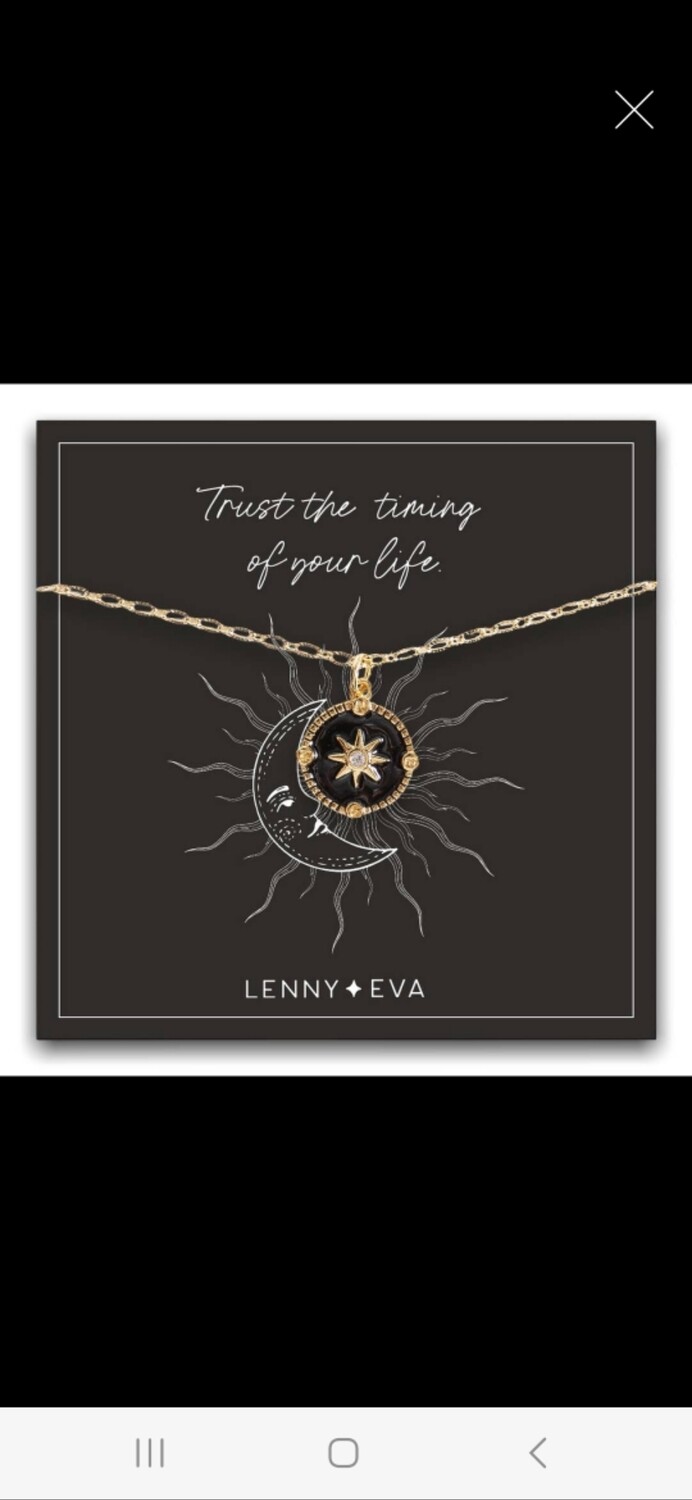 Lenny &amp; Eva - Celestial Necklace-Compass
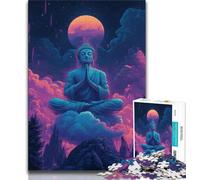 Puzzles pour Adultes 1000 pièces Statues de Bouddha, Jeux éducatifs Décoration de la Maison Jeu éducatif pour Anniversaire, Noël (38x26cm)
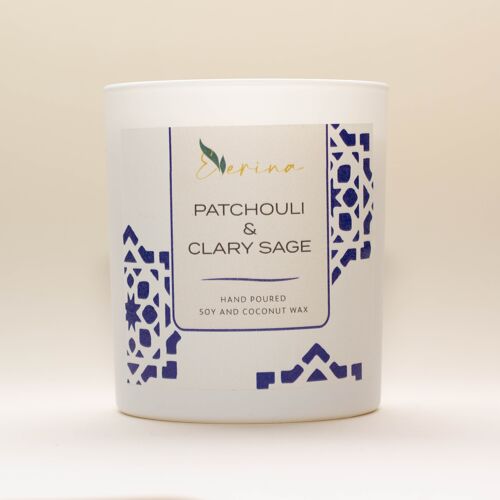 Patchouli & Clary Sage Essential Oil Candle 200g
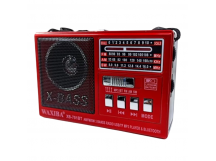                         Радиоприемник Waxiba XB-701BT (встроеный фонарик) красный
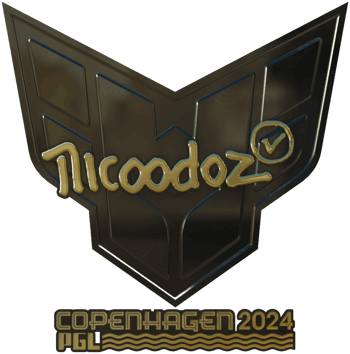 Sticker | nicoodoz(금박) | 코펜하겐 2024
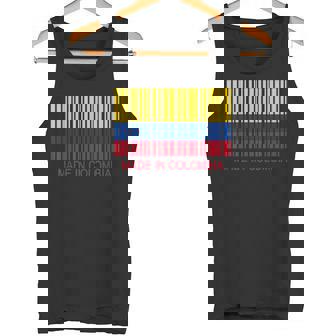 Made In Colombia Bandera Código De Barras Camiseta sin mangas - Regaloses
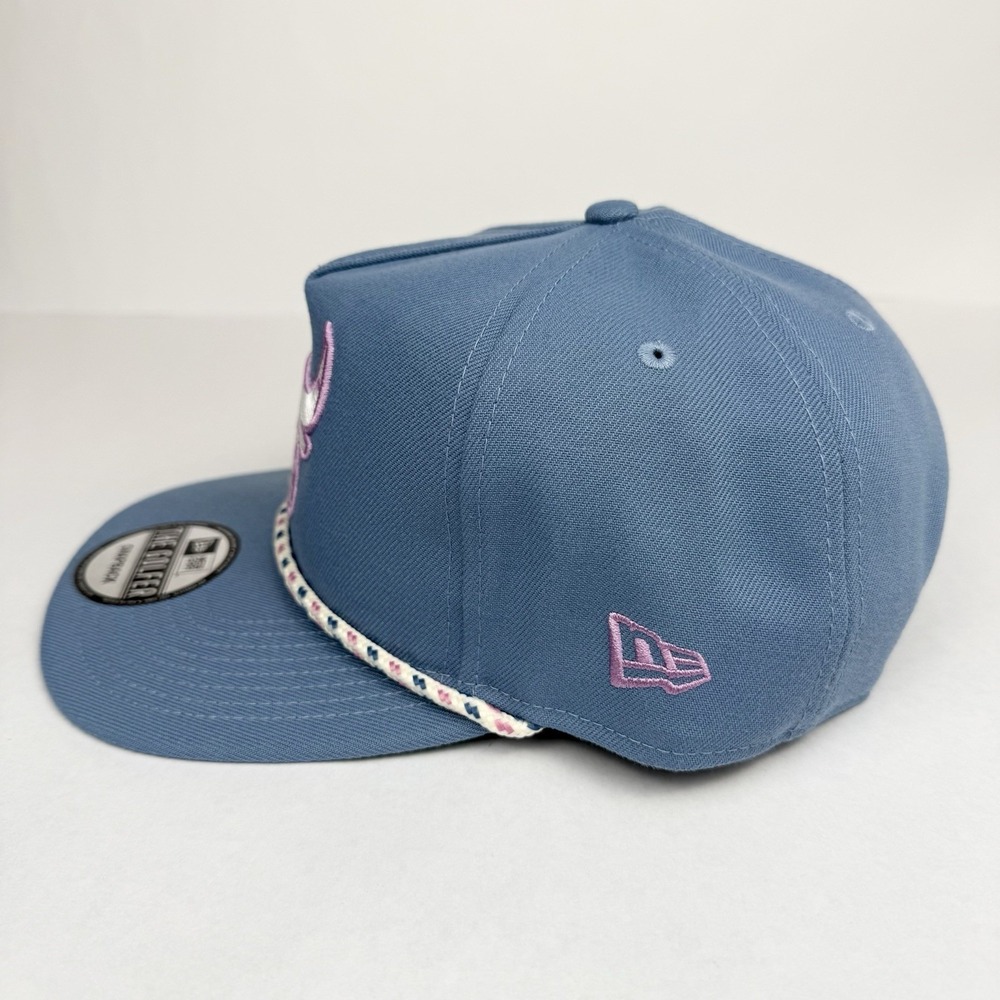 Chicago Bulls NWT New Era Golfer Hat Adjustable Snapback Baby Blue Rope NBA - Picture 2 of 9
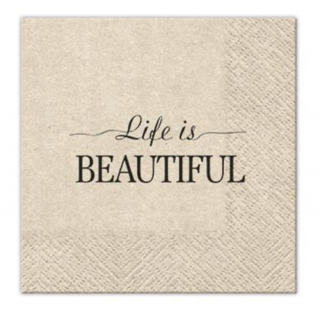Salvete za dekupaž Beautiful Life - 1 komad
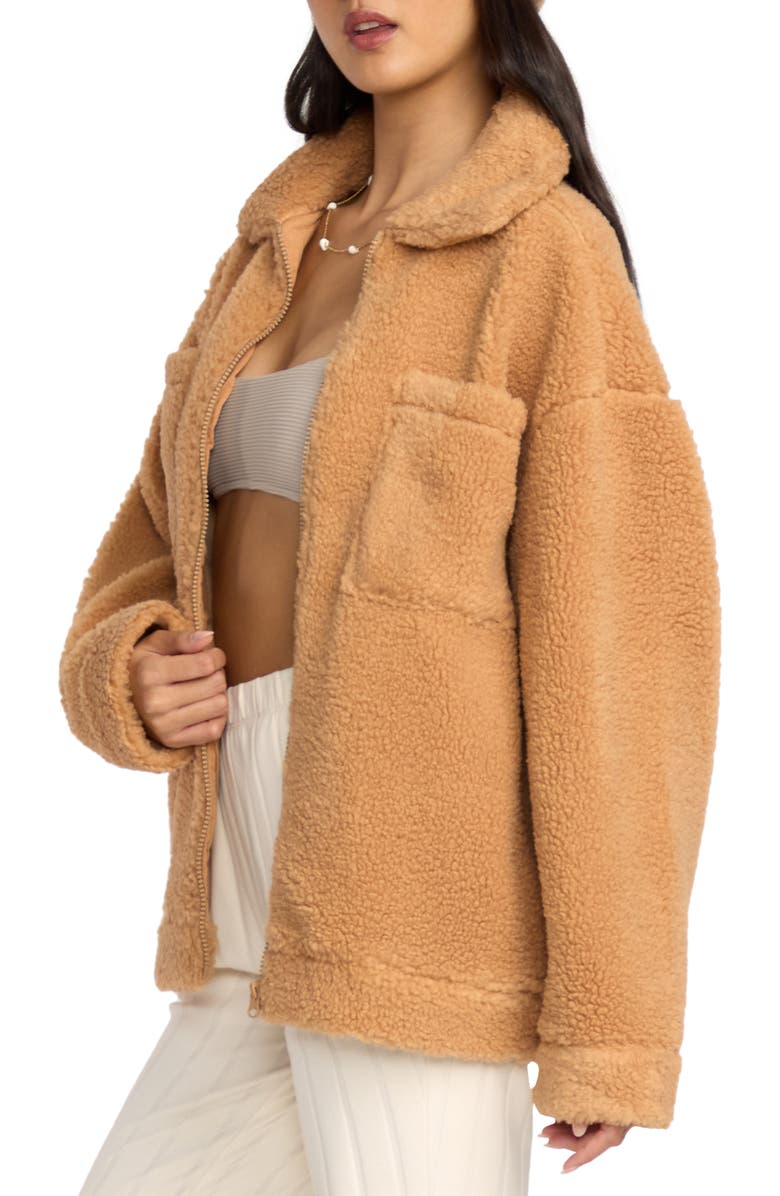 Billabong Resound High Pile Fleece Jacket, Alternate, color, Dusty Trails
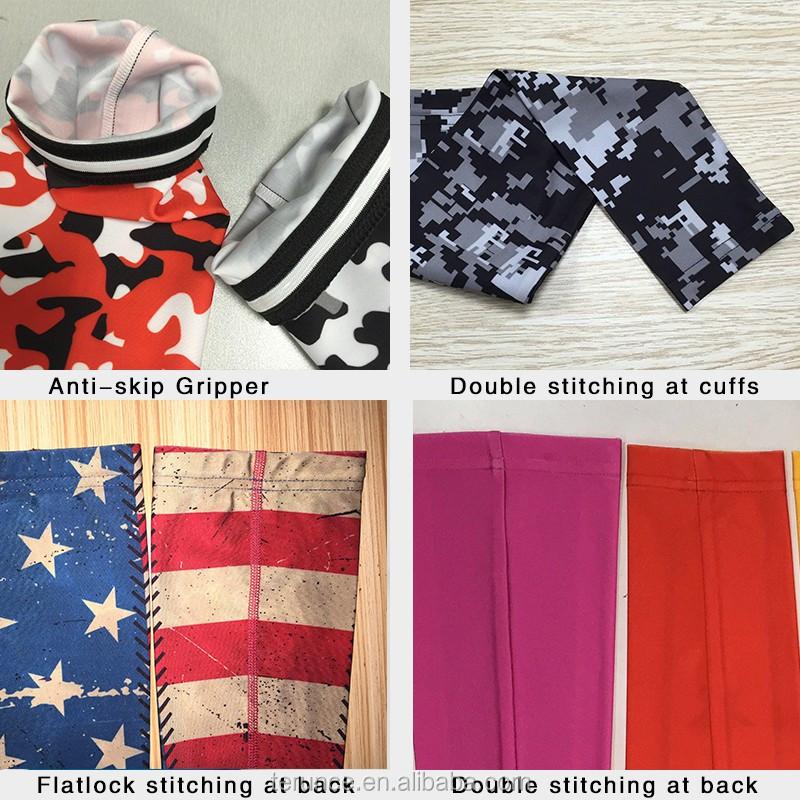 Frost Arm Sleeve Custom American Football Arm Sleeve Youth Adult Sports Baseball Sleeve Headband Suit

....

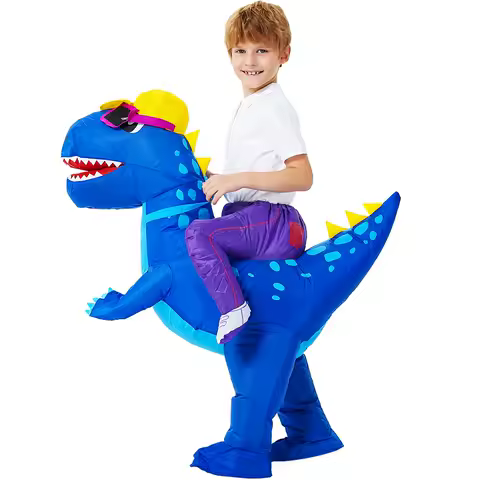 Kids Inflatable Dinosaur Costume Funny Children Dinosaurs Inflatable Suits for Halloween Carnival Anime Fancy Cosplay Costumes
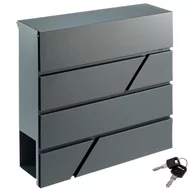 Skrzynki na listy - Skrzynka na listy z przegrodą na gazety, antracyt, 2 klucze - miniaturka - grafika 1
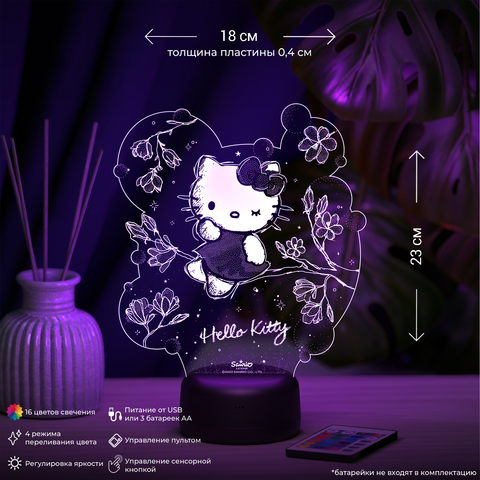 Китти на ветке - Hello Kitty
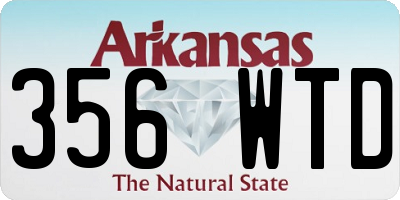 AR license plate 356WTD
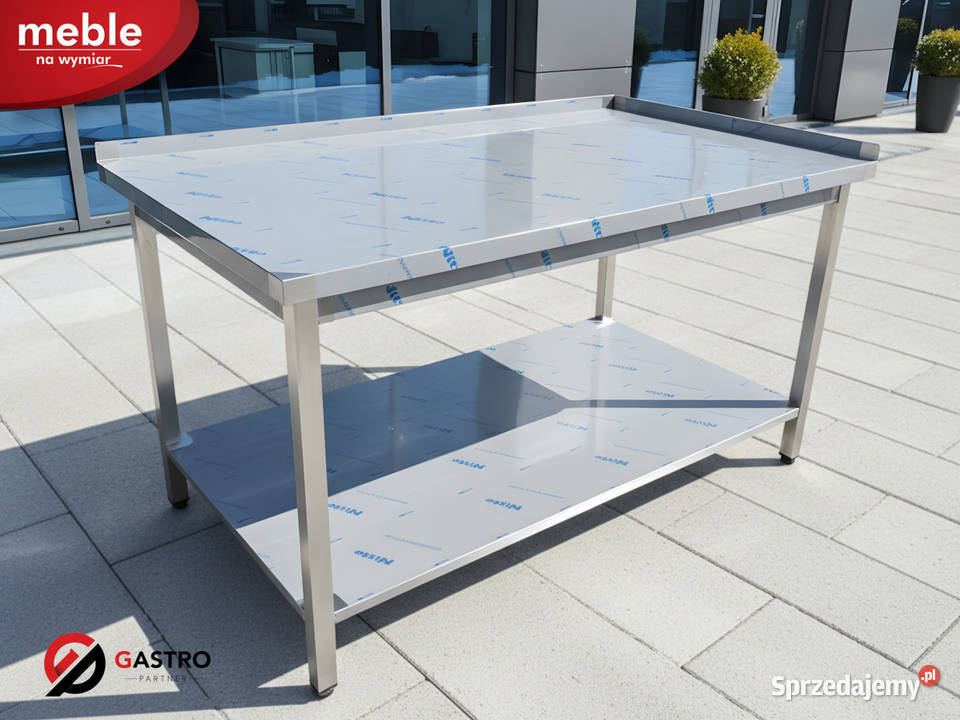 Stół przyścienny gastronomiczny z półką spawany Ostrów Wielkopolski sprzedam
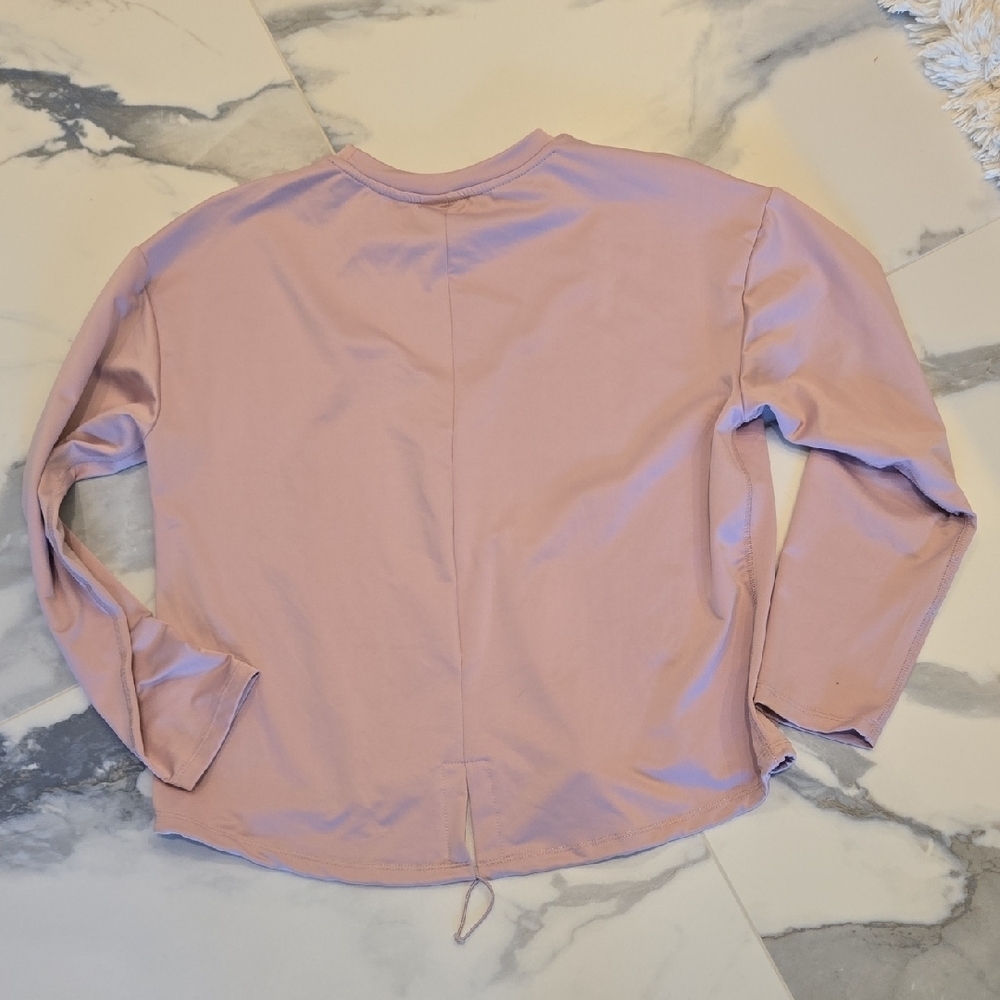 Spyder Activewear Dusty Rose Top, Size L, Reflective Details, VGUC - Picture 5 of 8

....

● **INSTRUCTIONS TO FOLLOW**:
Above are the records. Copy word for word only their lines from the one holding "Puzzles pour Adultes" through the one holding "Радиоприемник Waxiba XB-701BT", both included, and skip the images.

● **TASK RESULT**:
 Puzzles pour Adultes 1000 pièces Statues de Bouddha, Jeux éducatifs Décoration de la Maison Jeu éducatif pour Anniversaire, Noël (38x26cm)
 Patchouli & Clary Sage Essential Oil Candle 200g
                         Радиоприемник Waxiba XB-701BT (встроеный фонарик) красный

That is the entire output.